Influence of cavity and magnetic confinements on the signal enhancement and plasma parameters of laser-induced Mg and Ti plasmas

In this study, we have spectroscopically investigated the plasma generated by a Q-switched Nd:YAG laser operating at its fundamental wavelength of 1064 nm focused on magnesium (Mg) and titanium (Ti) target samples in the air under atmospheric pressure. We employed circular cavities of radii (2.5, 3.0, and 3.5 mm) and a square cavity to investigate the cavity confinement effect on the spectral emission intensities of the plasmas. We observed that the circular cavity of radius 2.5 mm had the maximum signal enhancement, and this can be attributed to the compression of the plasma and reheating by the reflected shock waves. The maximum enhancement factor of the Mg I-518.4 nm line was reached at approximately 3.8, 3.4, and 2.8 with a circular cavity of radius 2.5, 3.0, and 3.5 mm, respectively, at a delay time of 350 ns and a laser energy of 350 mJ. By applying varying external magnetic fields (0.47, 0.62, 0.91, and 1.23 T) across the generated plasma, the plasma parameters such as electron temperature and number density have been investigated.

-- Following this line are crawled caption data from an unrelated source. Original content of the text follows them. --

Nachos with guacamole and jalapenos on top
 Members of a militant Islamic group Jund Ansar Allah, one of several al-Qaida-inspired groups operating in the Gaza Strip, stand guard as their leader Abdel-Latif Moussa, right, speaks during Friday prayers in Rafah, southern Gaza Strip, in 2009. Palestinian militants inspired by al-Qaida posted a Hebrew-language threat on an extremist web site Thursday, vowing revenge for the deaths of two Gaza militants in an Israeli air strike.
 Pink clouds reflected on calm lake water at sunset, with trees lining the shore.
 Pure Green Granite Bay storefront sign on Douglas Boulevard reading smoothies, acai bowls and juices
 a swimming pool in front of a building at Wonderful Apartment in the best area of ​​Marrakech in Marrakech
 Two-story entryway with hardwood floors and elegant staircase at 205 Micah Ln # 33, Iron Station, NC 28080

From our results, we observed that the radius of the cavity had a tremendous effect on the enhancement of the emission signal intensities. We also found that the increase in the electron temperature and the number density can be attributed to the increase in the applied magnetic field and the laser energy. From our calculations, the value of β, which was less than 1 for all the cases, confirms that there was a plasma confinement at the presence of the magnetic field.